*REQUIRED WORK*. From the first line to the last, restate the material word for word; pictures stay out.

[THE DATA — start]

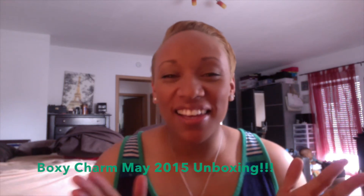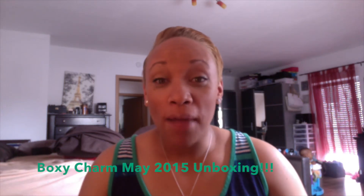Hello everyone, Nikki here. I wanted to do my May BoxyCharm unboxing. I'm really excited about this box. I actually already did the unboxing yesterday and didn't like the way the video came out, so I've already done my makeup, but you'll be able to see the different items and how I applied them. BoxyCharm is a monthly beauty subscription — you get four to five full-size luxury brands of makeup.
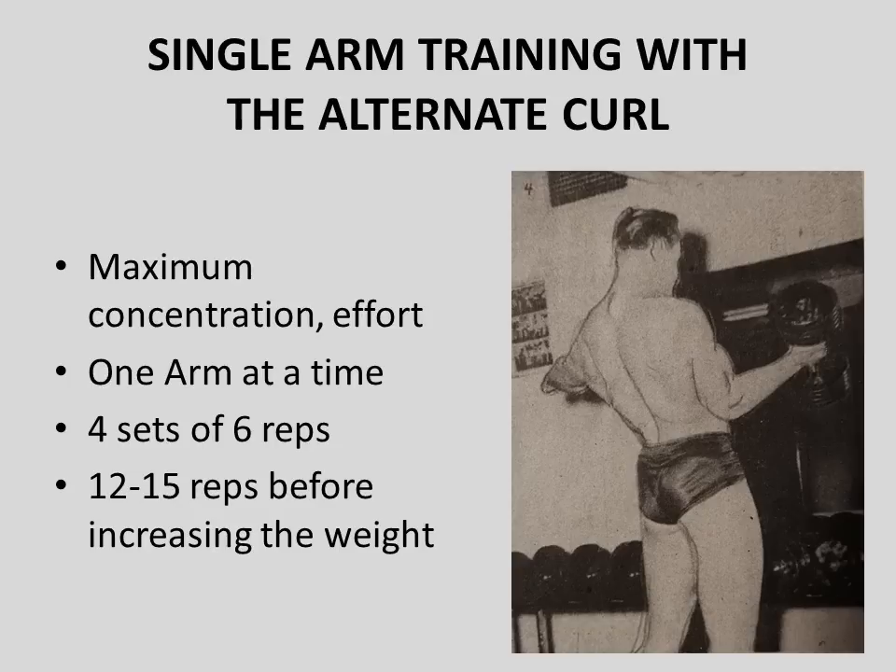After taxing his tendons and ligaments, Alan would move on to more of a hypertrophy-style training for the biceps musculature, using the principle of single-arm training with the alternate dumbbell curl. He preferred this exercise in his advanced program because it allowed maximum concentration and maximum effort. He liked doing it standing, balancing with the other arm extended out, performing sets with one arm at a time, starting with a weight he could handle for at least six reps and working up to 12 to 15.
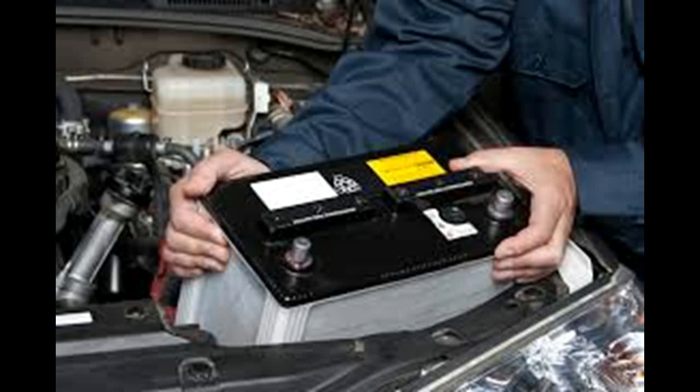As you learn how to buy a car battery, you need to consider size, cold cranking amps, battery freshness, and reserve capacity. Start by learning what battery size you need for your car's make and model.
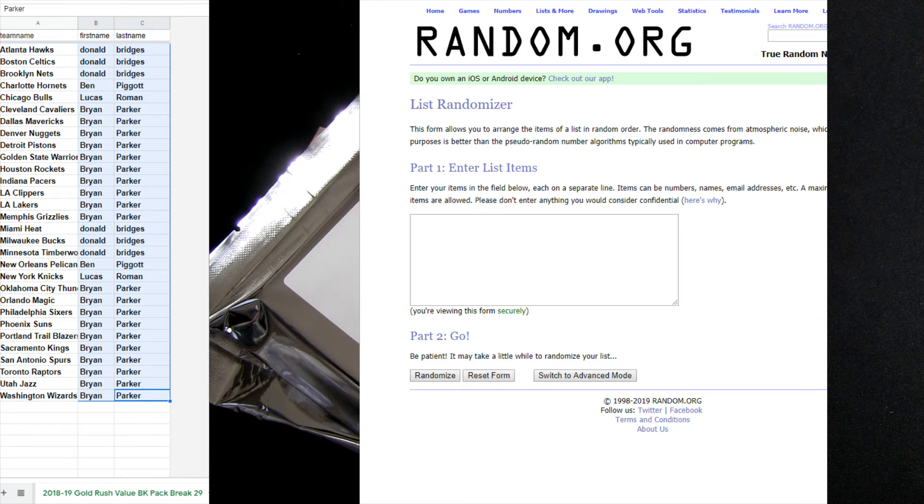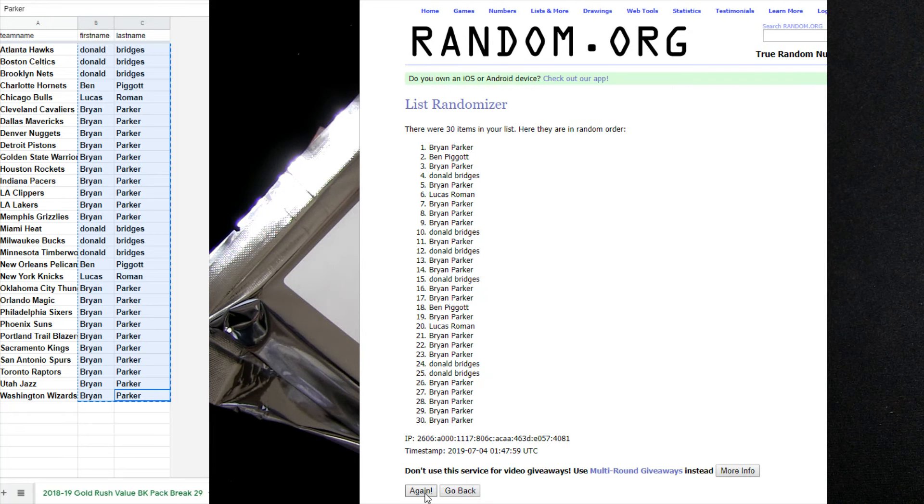We'll warm up tonight with a little bit of Gold Rush Value Packs for basketball. So we'll do a pack break here and warm up the night. Let's see if this is going to be a sign of things to come. Our next one is number 29. It was Brian Park that gave us a nice close there. Thanks, Brian. Good luck, everybody, in the break.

[THE DATA — finish]

*EXERCISE ANSWER*.
Hello everyone, Nikki here. I wanted to do my May BoxyCharm unboxing. I'm really excited about this box. I actually already did the unboxing yesterday and didn't like the way the video came out, so I've already done my makeup, but you'll be able to see the different items and how I applied them. BoxyCharm is a monthly beauty subscription — you get four to five full-size luxury brands of makeup.
After taxing his tendons and ligaments, Alan would move on to more of a hypertrophy-style training for the biceps musculature, using the principle of single-arm training with the alternate dumbbell curl. He preferred this exercise in his advanced program because it allowed maximum concentration and maximum effort. He liked doing it standing, balancing with the other arm extended out, performing sets with one arm at a time, starting with a weight he could handle for at least six reps and working up to 12 to 15.
As you learn how to buy a car battery, you need to consider size, cold cranking amps, battery freshness, and reserve capacity. Start by learning what battery size you need for your car's make and model.
We'll warm up tonight with a little bit of Gold Rush Value Packs for basketball. So we'll do a pack break here and warm up the night. Let's see if this is going to be a sign of things to come. Our next one is number 29. It was Brian Park that gave us a nice close there. Thanks, Brian. Good luck, everybody, in the break.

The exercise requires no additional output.